Well, regulators are taking our tax money and do what? Protect companies that don't pay taxes?
Element, which makes Matrix-based communications and collaboration tools, has launched a consumer-oriented version of its messaging platform, complete with bridges for WhatsApp, Signal and Telegram. The firm's Matrix Services (EMS) has been the acceptable corporate face of the Matrix network for some time now, charging …
As someone that spent a stupid amount of time, effort and the companies money to get Lync to talk to our SIP phones and PBX's, all it takes is them to decide to get bored and move on.
Lync > Skype > Teams is just one scenario.
At one point we had a rack full of gear just converting from one "standard" to another.
Increased adoption for Matrix is definitely a plus. They are also planning E2EE for all bridges, though I don't think it's done yet. You can still do E2EE on Matrix communications.

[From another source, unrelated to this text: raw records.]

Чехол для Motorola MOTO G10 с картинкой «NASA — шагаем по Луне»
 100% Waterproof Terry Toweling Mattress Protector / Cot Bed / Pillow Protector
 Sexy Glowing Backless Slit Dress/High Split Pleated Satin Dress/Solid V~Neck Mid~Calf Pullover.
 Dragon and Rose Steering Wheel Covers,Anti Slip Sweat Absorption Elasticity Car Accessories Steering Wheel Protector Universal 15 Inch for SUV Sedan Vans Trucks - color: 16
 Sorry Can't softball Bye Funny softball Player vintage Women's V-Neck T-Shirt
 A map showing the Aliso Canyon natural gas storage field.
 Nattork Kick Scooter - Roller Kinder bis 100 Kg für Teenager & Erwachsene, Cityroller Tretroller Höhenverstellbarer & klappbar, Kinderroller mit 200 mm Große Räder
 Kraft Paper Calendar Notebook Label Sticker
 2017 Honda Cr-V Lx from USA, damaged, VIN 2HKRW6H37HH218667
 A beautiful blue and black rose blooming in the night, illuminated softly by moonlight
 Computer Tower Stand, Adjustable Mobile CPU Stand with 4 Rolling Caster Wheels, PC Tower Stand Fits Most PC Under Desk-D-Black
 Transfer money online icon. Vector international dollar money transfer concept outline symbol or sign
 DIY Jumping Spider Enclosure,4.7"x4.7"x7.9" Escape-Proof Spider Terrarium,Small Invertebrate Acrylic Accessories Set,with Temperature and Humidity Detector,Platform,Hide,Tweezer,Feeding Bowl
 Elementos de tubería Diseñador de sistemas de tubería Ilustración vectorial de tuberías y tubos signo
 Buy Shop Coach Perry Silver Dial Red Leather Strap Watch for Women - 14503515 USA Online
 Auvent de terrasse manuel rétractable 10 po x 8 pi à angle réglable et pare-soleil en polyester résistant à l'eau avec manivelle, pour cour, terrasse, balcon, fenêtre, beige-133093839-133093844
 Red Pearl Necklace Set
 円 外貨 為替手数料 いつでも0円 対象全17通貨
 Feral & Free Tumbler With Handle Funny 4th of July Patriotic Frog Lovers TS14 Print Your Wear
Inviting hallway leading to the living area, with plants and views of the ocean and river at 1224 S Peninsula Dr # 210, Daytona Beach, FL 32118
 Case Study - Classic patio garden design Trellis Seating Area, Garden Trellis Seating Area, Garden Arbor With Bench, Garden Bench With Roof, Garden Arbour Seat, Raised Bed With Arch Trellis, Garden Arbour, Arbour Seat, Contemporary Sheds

Signal and iMessage are still controlled by third parties on their servers and at their discretion. At least with Matrix you have the option to roll your own.
The quickest check if a company is really addressing security well is to look at which jurisdictions they're present in, and not just where the company has its HQ. This sidesteps any BS about privacy being a Human Right and other marketing guff that could cover up painful realities.
I find checking where their email lives tends to be the quickest way to establish if they have a clue of the legal issues they're exposed to, and I have some bad news: it all lives in the US. Not sure where their data lives, but by default exposing internal comms is IMHO not the brightest of moves from a trust perspective.
So no, thank you. Fundamentals are pretty important in the age of wannabe authoritorian regimes and no, just having an office in Switzerland á la Silent Circle really isn't enough to escape the clutches of US federal law, especially not after Microsoft helped establishing the Cloud Act.
Your mileage may vary, but if you have a need to protect your communication (which doesn't immediately mean you're a criminal but simply have to protect information), make sure you check everything.
That you should never trust marketing statements is, of course, a given :).
I'll add my thoughts to the conversation as I've been using (self-hosted) Matrix services for a few years, and recently added the whatsapp bridge.
I decided to switch to Matrix because I really liked the e2ee thing. Also, at the time the video call quality was so much better than skype or whatsapp (as you would imagine with a dedicated server and absolutely no bandwith/quality throttling - I once went through 500mb of mobile data in a few minutes).
Yes, I still use whatsapp, Matrix is only between me, my wife and my parents (which ARE grandparents now, so yes, grampa is on Matrix).
Do I have to pay for this? yes, in the form of hosting (TURN does not work behind a nat and so can't self host at home). And it's pretty much the equivalent of $5/month. I still do it because a) it's not much really b) I like it and most important c) I control the data, ALL of it (well, the one in Matrix anyway).
Recently I've added the whatsapp bridge, as I was tired (read: too lazy) to have both the Element client and Whatsapp client on my computer and having to switch between the two. And since the only people that I have video calls with are my wife or my parents, the lack of that integration is not much of a bother. Yes, it will be nice when it comes so I can call my sister too (I am not a monster, I use a predefined jitsi room with her).
And now whatsapp is allowing to share up to 4 devices, so I think I'll try to virtualise android and let whatsapp run in there instead of my mobile. Not sure it will work (actually I am pretty sure I understood wrong what whatsapp means, but being wrong never stopped me from trying - that's how I got married, I think).
Maybe I'll add the FB bridge as well so my wife can use it, and maybe the signal one for the two people I have in there (and actively use it)
Will whatsapp and FB make breaking changes in the future? Most likely, but not suddenly as there are a lot of businesses using those services, so they will be announced, and I won't be the one who has to implement them, I only need to remember to do a docker pull when it's ready.
What' the point of all my rambling? Well, not much really. But a) I would _maybe_ consider switching to a managed services if it was cheaper b) there are people/use cases for such a thing and c) I got you hooked up to this point, didn't I?
It's a real shame they keep trotting out the open bridges line. They have a bridge to libre chat IRC but it you can't connect to Matrix from IRC at all. All the control is for Matrix users to embrace extend extinguish - IRC users cannot join matrix, only the other way around.
It doesn't seem like an 'open' bridge if you only give power to the one set of users and put the onus on the rest to create put up with their bad netiquette.
That's kind of unfair. The whole point is to give Matrix users the option to better centralize their own communication network. If you want to join a Matrix room from IRC, then become a Matrix user yourself: set up your own server and bridge and do it. It's not hard, did it myself like 3 weeks ago and it took me an afternoon. How else do you expect this to work?
...Also, if your response to this is "well I prefer using simple/command line clients", Element is surprisingly simple and clean, and there are multiple options for CLI Matrix clients, including one for Weechat. With the latter, you'd be able to IRC while you Matrix, without the need for a bridge at all.